“Kazım emir aldı merkezden/ Gebze’deki İngiliz tercümanı vurulacak …” Nazım Hikmet’in Memleketimden İnsan Manzaraları” şiirinde sözünü ettiği “Kartallı Kazım”ın tablosu önündeyiz.
1941 tarihli Nazım’ın bizzat yaptığı tabloyu sahipleri Kılıçdaroğlu’na hediye etmişti. O da bunu CHP Genel Merkezi’ne bağışlamıştı. Ankara turumun bir ayağı da CHP Genel Merkezi’ydi. Koca koca binaların ortasındaki genel merkez sakindi. Her odasında hareket görmeye alıştığım bina, aşırı sıcaklardan sanki yorgun düşmüş gibiydi.
CHP Genel Başkanı Kemal Kılıçdaroğlu ile partinin geleceği, 14-28 Mayıs seçimleri üzerine konuştuk. İzlenimim: Kılıçdaroğlu CHP genel başkanlığını sürdürmeye kararlı görünüyor. Kişi adı vererek kimseyi suçlamıyor. Sakin bir şekilde kongreleri izliyor.
“Kamuoyu önünde bir özeleştiri yapsanız daha iyi olmaz mıydı?” soruma şöyle cevap verdi: “Seçimden birkaç gün sonra kamuoyu önüne ekibimle birlikte çıkıp hesap vermeyi, bir özeleştiri yapmayı gerçekleştirebilirdik. Aslında parti kademelerinde bunu yaptık. Ama açıktan herkesi bilgilendirici bir değerlendirme yapmamış olmamız bir eksiklik.” A
ynı soruyu Millet İttifakı için de sordum. “Millet İttifakı’nın bileşenleri ile böyle bir deneme yapılabilirdi ama onlar adına konuşmak doğru olmaz.” Ruh hallerini şöyle özetledi: “Üzerimizde seçim sonrası ağır bir baskı oluştu. Partiyi dağıtacak kadar sert bir baskı. Bu hâlâ sürüyor.”

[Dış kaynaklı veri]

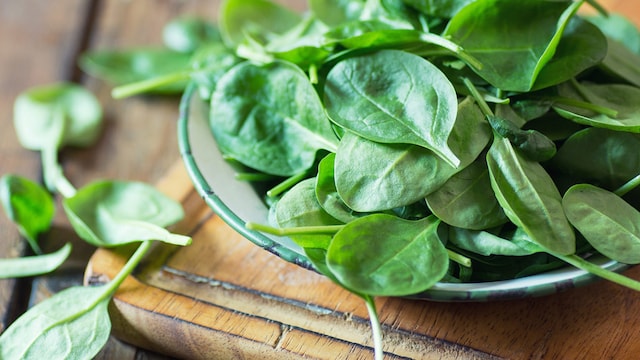 Spinach is one of the high-oxalate foods that you must avoid to prevent kidney stone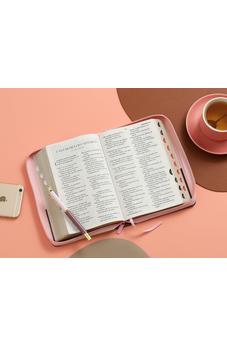 Image of Biblia RVR 1960 Letra Gigante Tricolor Café Rosa Mariposas Símil Piel con Índice y Cierre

“Kurultay’da yönetim açısından bir sorun çıkmaz. CHP’de şu anda il ve ilçe örgütlerinin başındaki arkadaşlarımızın çoğu eski gençlik kollarında çalışanlar. Parti bu şekilde de yenileniyor.” Seçimlerde müttefik sağcı parti üyelerinin CHP listelerinden aday gösterilmesine yönelik eleştirileri şöyle cevapladı: “Diğer partilerle oluşturduğumuz milletvekili aday listelerine yönelik eleştiriler haksızdır. Yüzde 25 oyumuz var, yüzde 50’ye ulaşmak için müttefiklere muhtacız. Bu listeleri bahane ederek partimiz içinde sert ve öfkeli tepkiler örgütlendi. ‘Parti sağa kayıyor’ haksız değerlendirmeleri yapıldı. Bazı ulusalcı seçmenler bu propagandanın da etkisiyle aşırı milliyetçi seçenekleri tercih etti. Bu partilerle yapılan ittifakın belgeleri olan ortak Protokol ve Anayasa değişiklik taslağı okunduğunda gelişmiş bir demokrasi programı hazırlandığı görülebilir.”
Kemal Kılıçdaroğlu’na göre, oy verme ihtimali bulunan ‘tereddütlü kitle’ önemliydi: “İktidardan kopuş eğiliminde olan muhafazakâr kitle, sonucu tayin etti. Bu aday listelerine gösterilen aşırı tepkilerden, söz konusu kitle olumsuz yönde etkilendi. Kararsız muhafazakârlar, ‘Ulusalcılar iktidara gelirse yeniden eski günlere dönebiliriz korkusu’ ile oylarını dönüp tekrar Erdoğan’a verdiler.”
Kemal Bey’le aynı kuşaktan olmanın, aynı tarihsel süreçleri yaşamanın, ortak bir tarihe sahip olmanın ortak anıları da vardı. 1968 eylemlerinin bazılarına ikimizin de katıldığı ortaya çıktı. TUSLOG baskınında Kemal Bey de göstericiler arasındaymış. Ben o eylemi örgütleyenlerdendim. Kılıçdaroğlu, “Biz 68’liler dirençli insanlarız. Mücadeleyi sürdürürüz” derken genel başkanlığa devam etmeye kararlı olduğunu tekrar vurgulamış oldu.